From President Higgins’ speech:

“The campaigns for equality and non-discrimination, for recognition of the status of Travellers as an ethnic minority, and for access to essential services, which Pavee Point and others have led since then have been grounded in a deep and profound understanding of the position of Travellers within the framework of human rights and the Irish State’s obligations to respect, protect and promote those rights.

In the past I have been part of the debate on ethnic status. I recall Dr. Joshua Castellino and I rejecting what we felt was a very inadequate research basis for denying ethnic status.

Within the framework of human rights, there has been progress over the intervening years and it is important that is recognised.

Back when Pavee Point was formed, Traveller children were still segregated in Traveller schools and many Traveller children left education without completing primary school and were often illiterate.

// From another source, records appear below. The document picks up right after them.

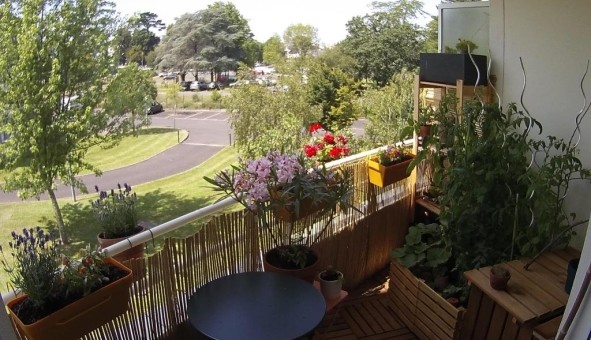 Logement tudiant Location T2 Vide Orvault (44700)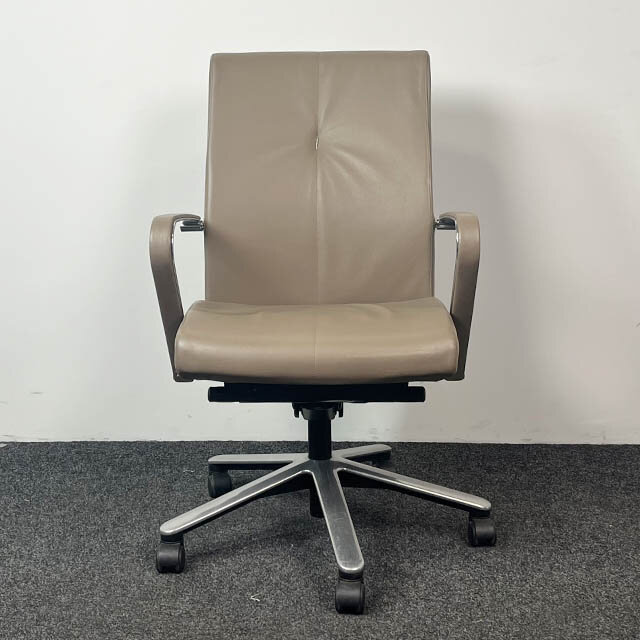 Klöber 958 Luxe Vergaderstoel Klöber 958 Luxe Vergaderstoel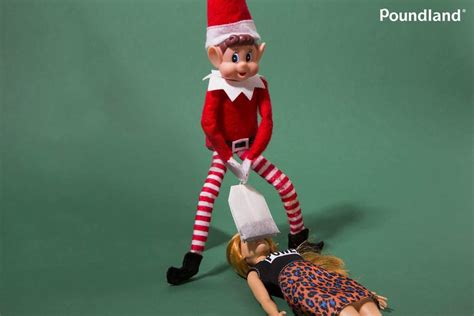 Poundland Elf Behaving Badly Advert Banned By Asa Retail Gazette
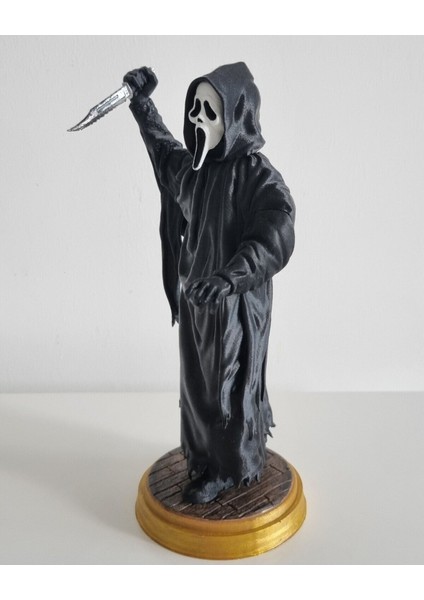 Scream / Scary Movie / Figür modelleri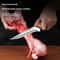Fillet Boning Knife Stainless Steel Chef Kitchen Knife 2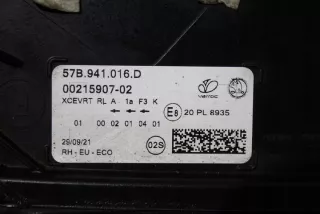 57B941016D 57B941016d Фара правая Skoda Kodiaq Арт e10671497, вид 3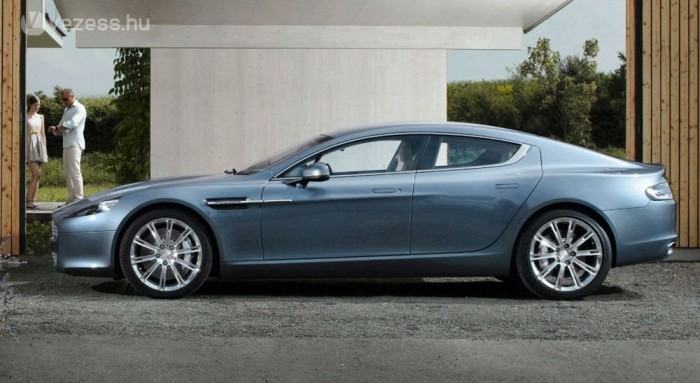 Ellenfél az Audi A7-nek a Kiatól 6 | Vezess Ellenfél az Audi A7-nek a Kiatól 6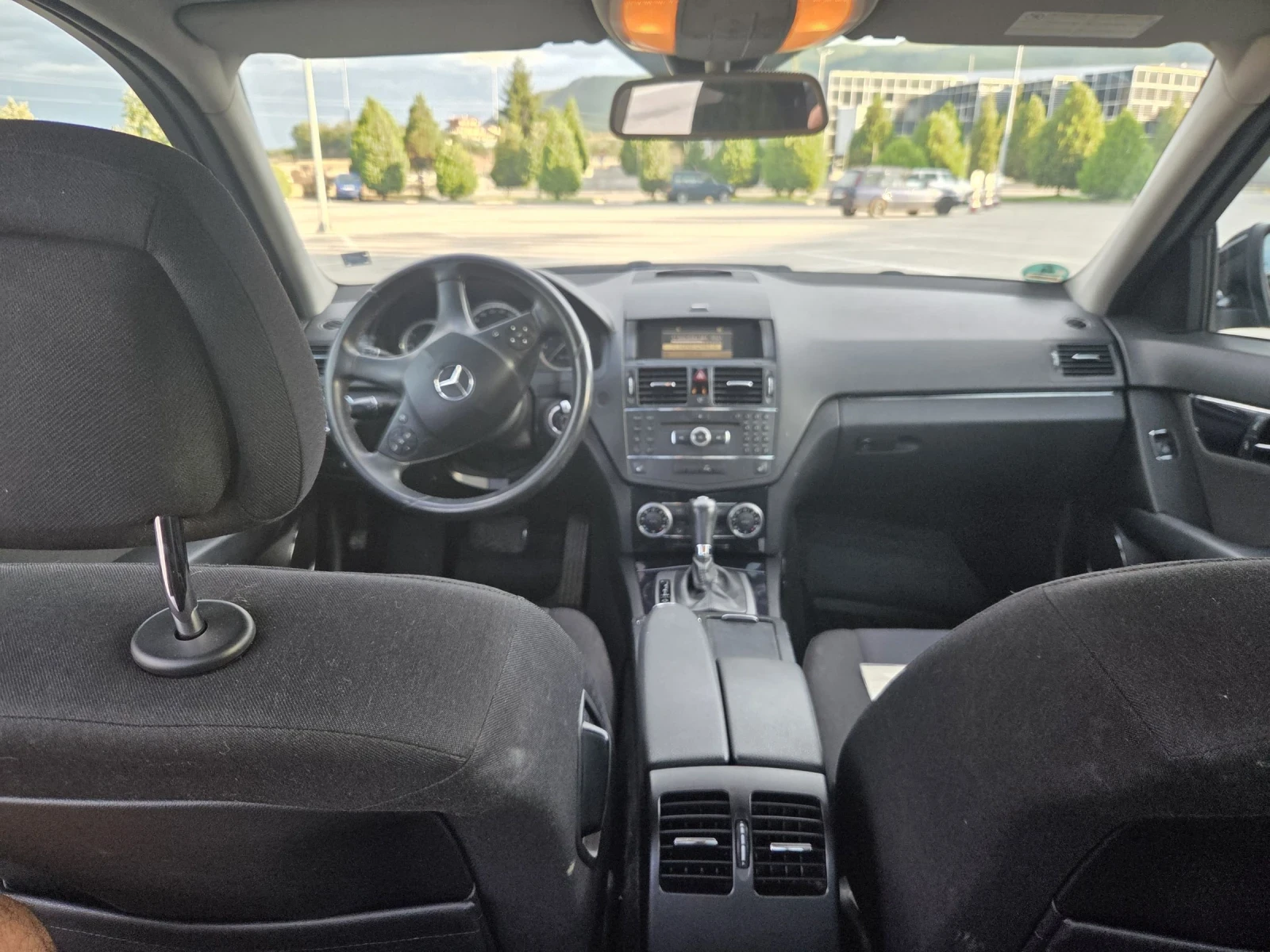 Mercedes-Benz C 220  - изображение 9
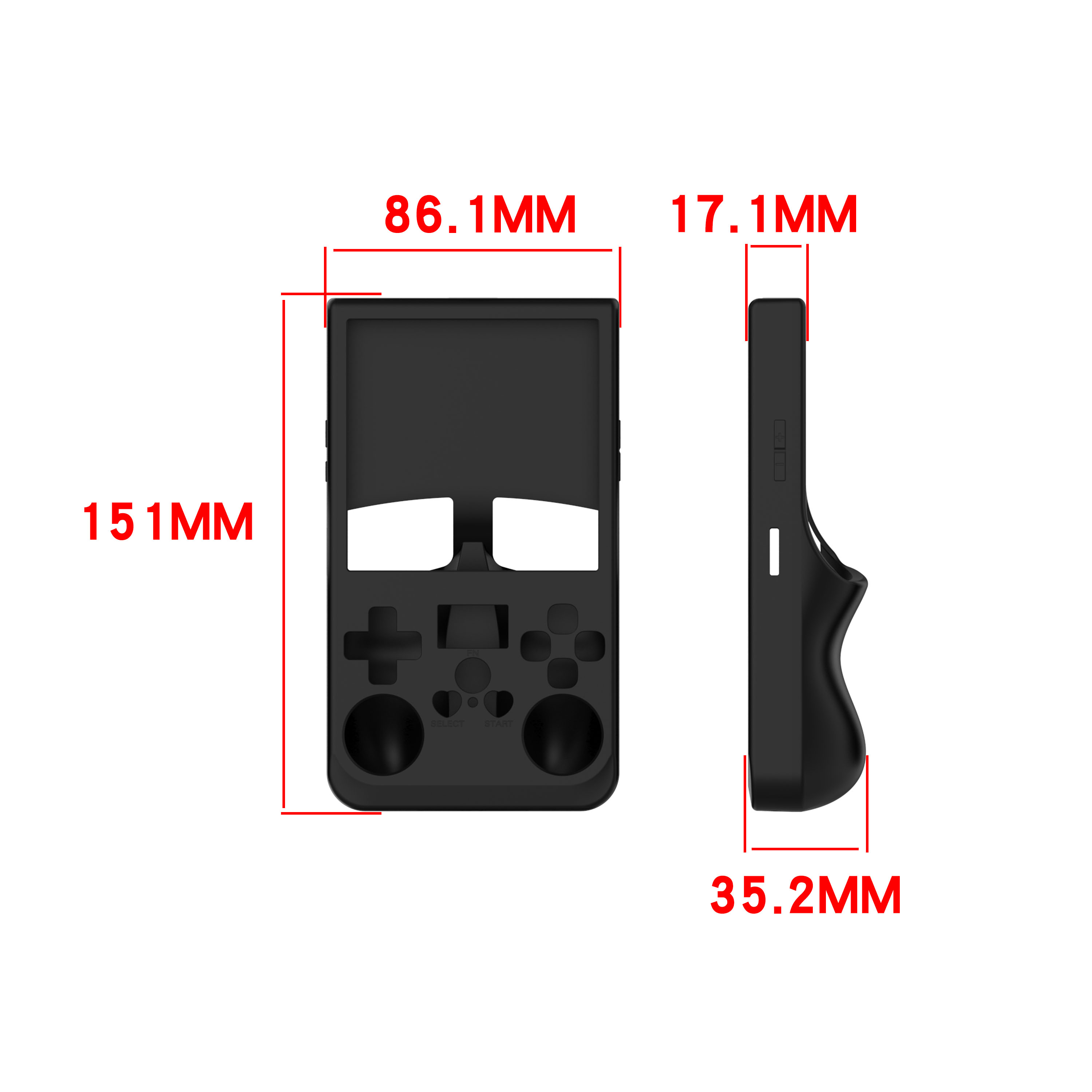 For R36 MAX Gaming Console Sil – обзор и цена Gaming Console R36 Max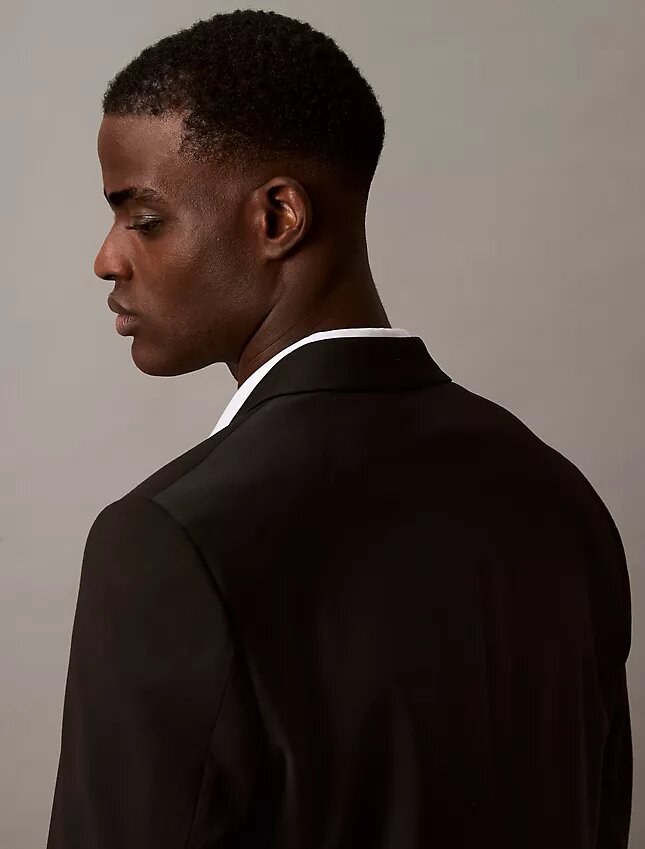 Sacou slim fit Sacou slim fit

The very idea that these children could attend third level colleges was often beyond their own comprehension.

Today overt segregation in the classroom and beyond have ceased, more Traveller children are attending second level schools and young Travellers are achieving high levels of educational attainment, and increased numbers are progressing through third level education each year, but we are far from the fullest understanding of the heritage, culture and aspirations of Travellers as a people that is required. My own experiences of the institutional treatment of Travellers at local authority level were far from satisfactory.

It has often made Sabina and I not just sad, but angry at the treatment which Traveller families who had become our friends had to endure, including having to live in unsafe and even hazardous conditions.”